Coming Into His Own

Coming Into His Own

Randy Thompson Releases His Third CD

When Clifton's Randy Thompson writes a song, it comes from deep in his heart and way down in his gut. That's why the lyrics on his new CD, "That's Not Me," are unflinchingly honest and touching.

"A lot of these songs are really personal," he said. "It's a lot like releasing your diary."

Nonetheless, he's opened up his innermost feelings to the public on this, his third CD. And on Friday, Feb. 27, it'll be released to country radio. It already debuted on European airwaves on Feb. 1 and, said Thompson, "In just five days, it went to number one on the European indie chart.
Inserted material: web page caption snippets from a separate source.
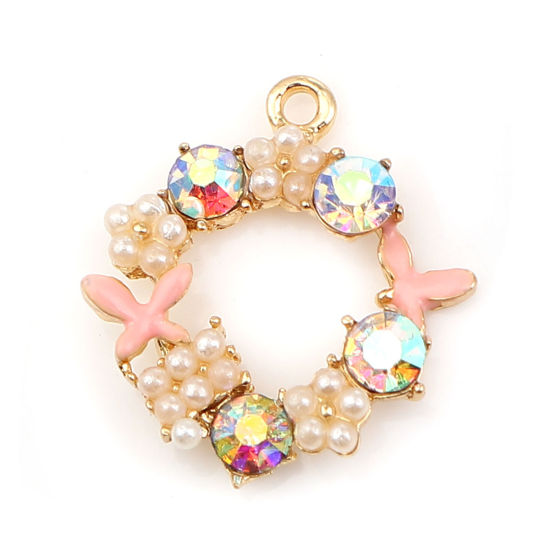 Imagen de Zamak Esmalte Colgantes Charms Anillo Chapado en Oro Color rosa Mariposa AB Color Rhinestone Acrílico Imitación de Perla 21mm x 19mm - 20mm x 19mm, 5 Unidades
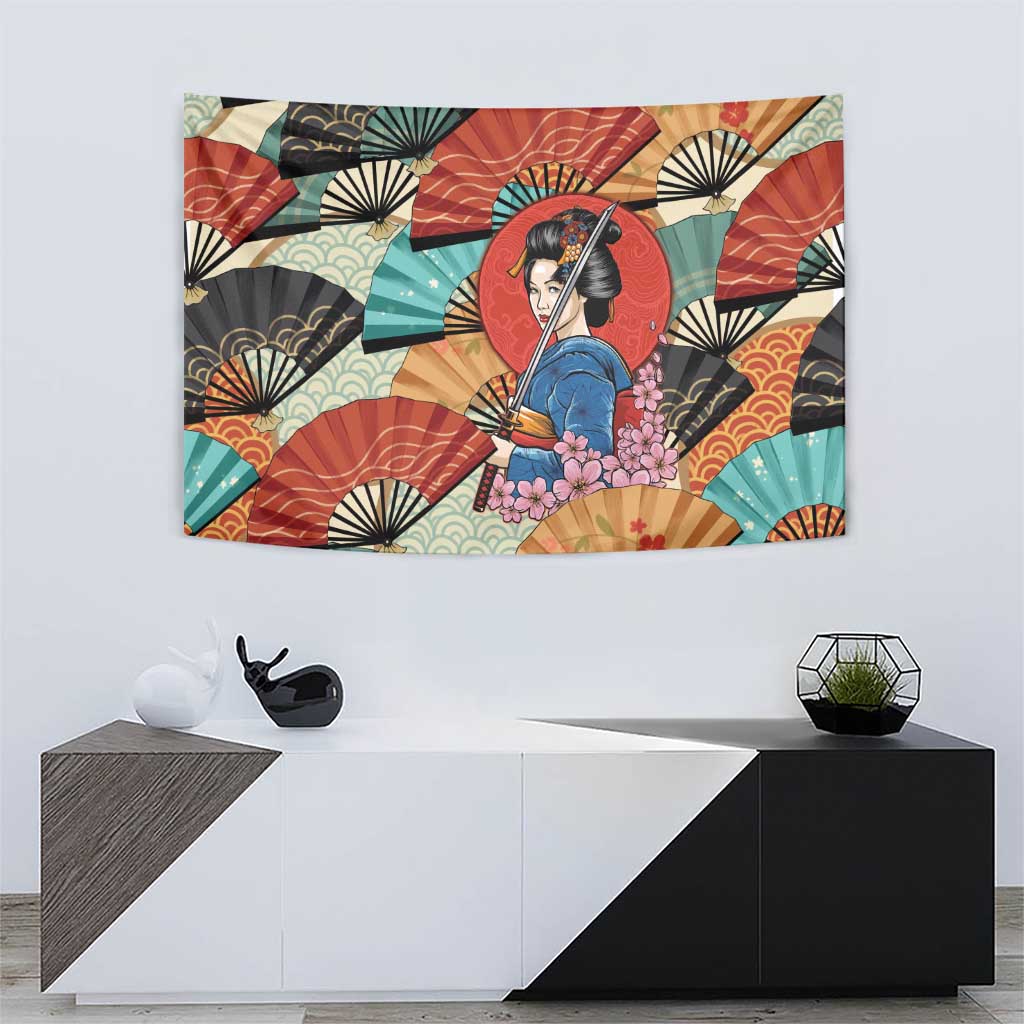Japanese Geisha Katana Tapestry Japan Sensu Seigaiha Pattern LT14 - Polynesian Pride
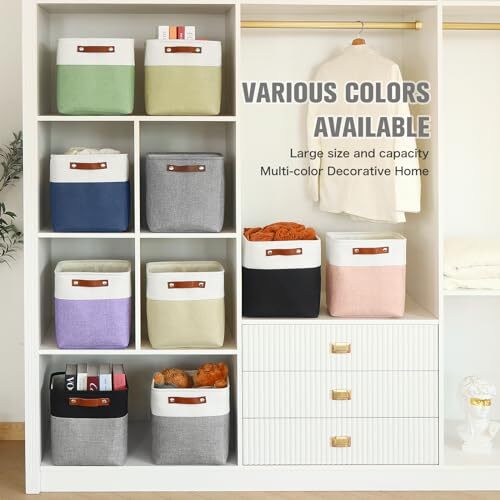 Cube Storage Baskets 6 Pack, 11x11 inch Foldable Cube Storage Bins Black/Gray - Picture 7 of 7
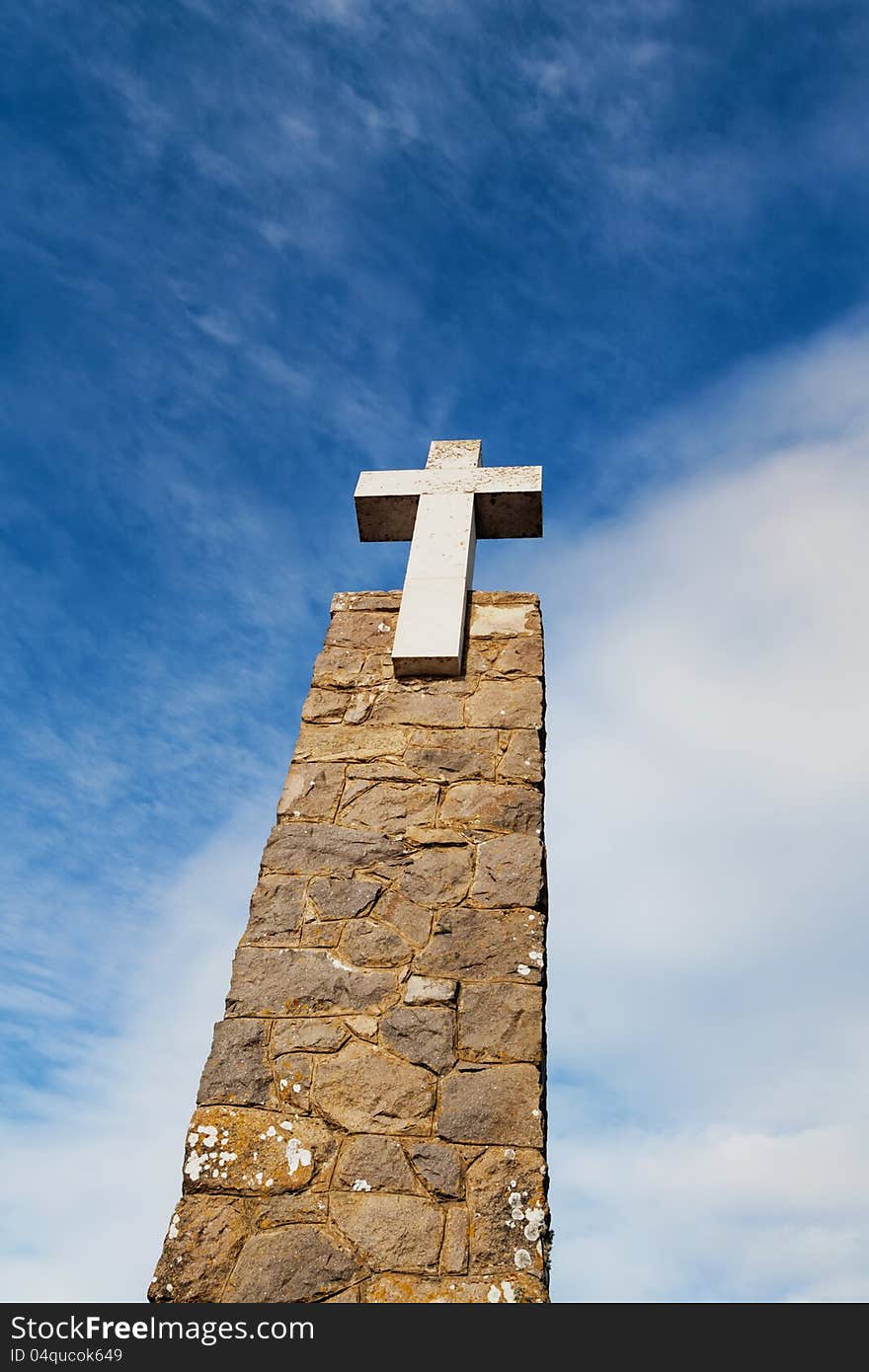 Cross monument in the most western point of Europe - Cabo da Roca, Portugal. Cross monument in the most western point of Europe - Cabo da Roca, Portugal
THIS TUESDAY, Feb. 17, it was released to Europe's Americana radio stations. "Americana radio is just to the left of country," said Thompson. "It includes everything from bluegrass to alternative rock with a twang to it. Europeans like rootsy American music — a little more country and bluesy, like Emmylou Harris and Waylon Jennings — rather than pop-oriented."

"That's Not Me" hit American stores, last week. The first single off it, "Sound Of The Rain" — a powerful, uptempo number — was released, Feb. 1. In addition, local audiences will be able to hear him, firsthand, Feb. 27, at 9 p.m., at IOTA in Arlington, along with the band, Last Train Home.

Then on March 5, Vienna's Jammin Java will host Thompson's official CD-release party, starting at 9 p.m. ($10 cover charge). He's looking forward to both performances. Said Thompson: "I've had really good support from the people in Clifton, and I'm happy to be playing a few hometown gigs."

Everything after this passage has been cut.